Generation example not working

Question

Generation example not working

cristianregep opened this issue 4 years ago · comments

I downloaded the package and ran from the generation folder the suggested process :
python get_vocab.py --min_frequency 100 --ncpu 8 < ../data/polymers/all.txt > ../data/polymers/vocab.txt
python preprocess.py --train ../data/polymers/train.txt --vocab data/polymers/vocab.txt --ncpu 8

I get the following error:
"""
Traceback (most recent call last):
File "/home/cristian/anaconda3/envs/hgraph/lib/python3.6/multiprocessing/pool.py", line 119, in worker
result = (True, func(*args, **kwds))
File "/home/cristian/anaconda3/envs/hgraph/lib/python3.6/multiprocessing/pool.py", line 44, in mapstar
return list(map(*args))
File "preprocess.py", line 19, in tensorize
x = MolGraph.tensorize(mol_batch, vocab, common_atom_vocab)
File "/home/cristian/Work/hgraph2graph/generation/poly_hgraph/mol_graph.py", line 168, in tensorize
tree_tensors, tree_batchG = MolGraph.tensorize_graph([x.mol_tree for x in mol_batch], vocab)
File "/home/cristian/Work/hgraph2graph/generation/poly_hgraph/mol_graph.py", line 209, in tensorize_graph
fnode[v] = vocab[attr]
File "/home/cristian/Work/hgraph2graph/generation/poly_hgraph/vocab.py", line 43, in getitem
return self.hmap[x[0]], self.vmap[x]
KeyError: ('C1=CSC=N1', 'N1=[CH:2]S[CH:2]=[CH:1]1')
"""

The above exception was the direct cause of the following exception:

Traceback (most recent call last):
File "preprocess.py", line 49, in
all_data = pool.map(func, batches)
File "/home/cristian/anaconda3/envs/hgraph/lib/python3.6/multiprocessing/pool.py", line 266, in map
return self._map_async(func, iterable, mapstar, chunksize).get()
File "/home/cristian/anaconda3/envs/hgraph/lib/python3.6/multiprocessing/pool.py", line 644, in get
raise self._value
KeyError: ('C1=CSC=N1', 'N1=[CH:2]S[CH:2]=[CH:1]1')

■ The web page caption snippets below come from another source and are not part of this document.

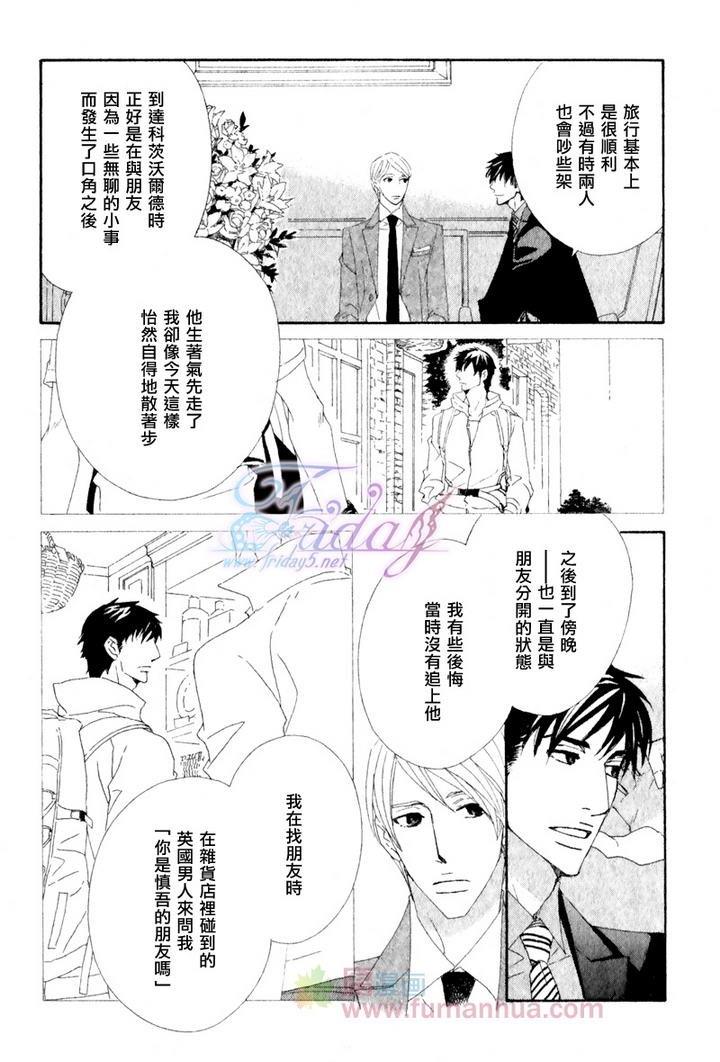 茅岛先生的优雅生活[耽美]韩漫全集-英国篇1无删减无遮挡章节图片 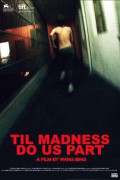 광기가 우리를 갈라놓을 때까지 Til.Madness.Do.Us.Part.2013.CHINESE.ENSUBBED.1080p.WEBRip.x265-VXT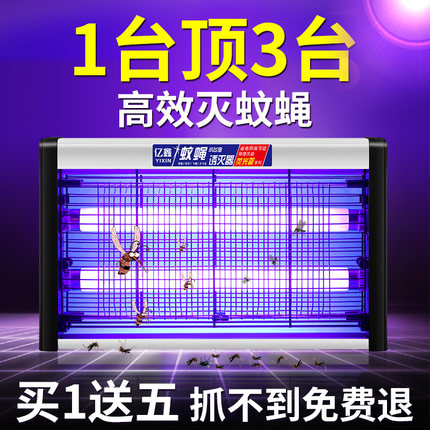 紫外线灭蚊灯灭蝇灯餐厅饭店用商铺捕苍蝇蚊子神器商用蚊蝇诱灭器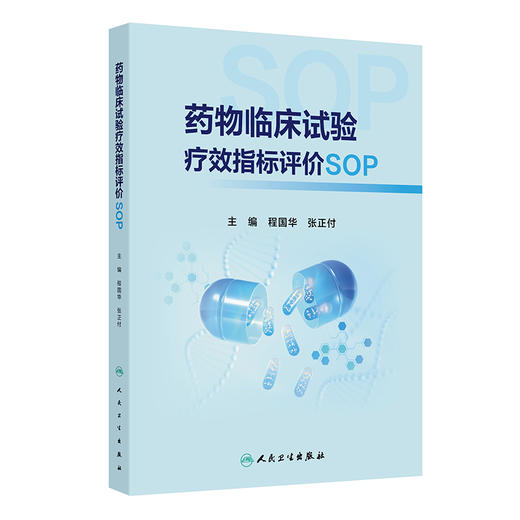 药物临床试验疗效指标评价SOP 程国华 覆盖最常见的临床试验项目主要疗效指标分析 前沿的临床试验质量管理热点内容人民卫生出版社 商品图1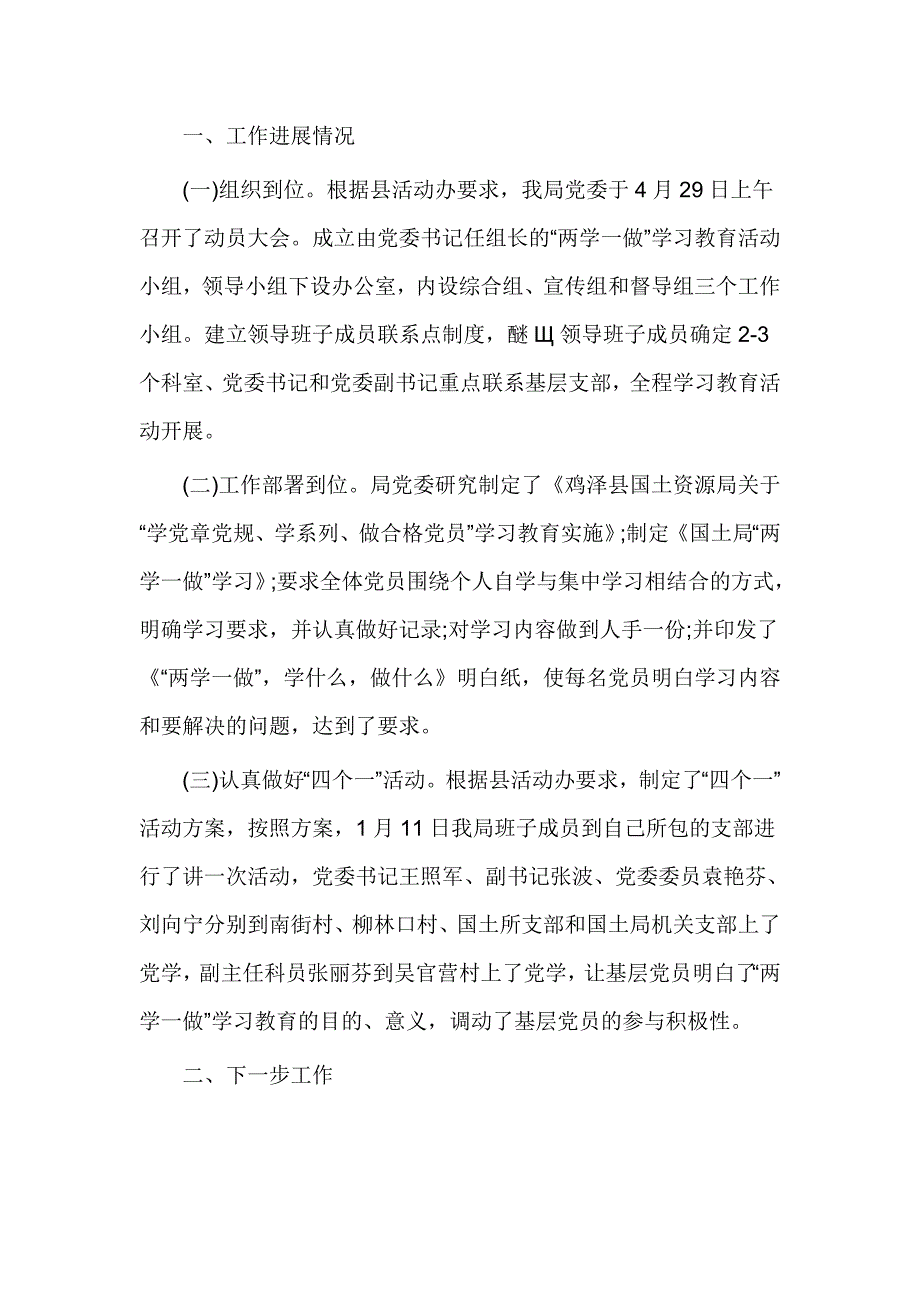 两学一做专题讨论二_第3页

Cristian Regep · Answer 1 · Tue Apr 21 2020 18:29:18 GMT+0800 (China Standard Time)

I traced the issue to be the fact that you load the motifs from the vocab in preprocess.py, instead of loading the original motifs that pass the min_frequency mark in get_vocab.py
MolGraph.load_fragments([x[0] for x in vocab])

I got rid of the behaviour by saving the original fragments in a separate file after get_vocab.py and then loading them in preprocess.py. What I think is happening is that molecules are not split in the same way because of the difference of starting fragments.

Wengong Jin · Answer 2 · Fri Apr 24 2020 02:57:21 GMT+0800 (China Standard Time)

Hi,

I fixed this issue and now it should be able to run. Thank you!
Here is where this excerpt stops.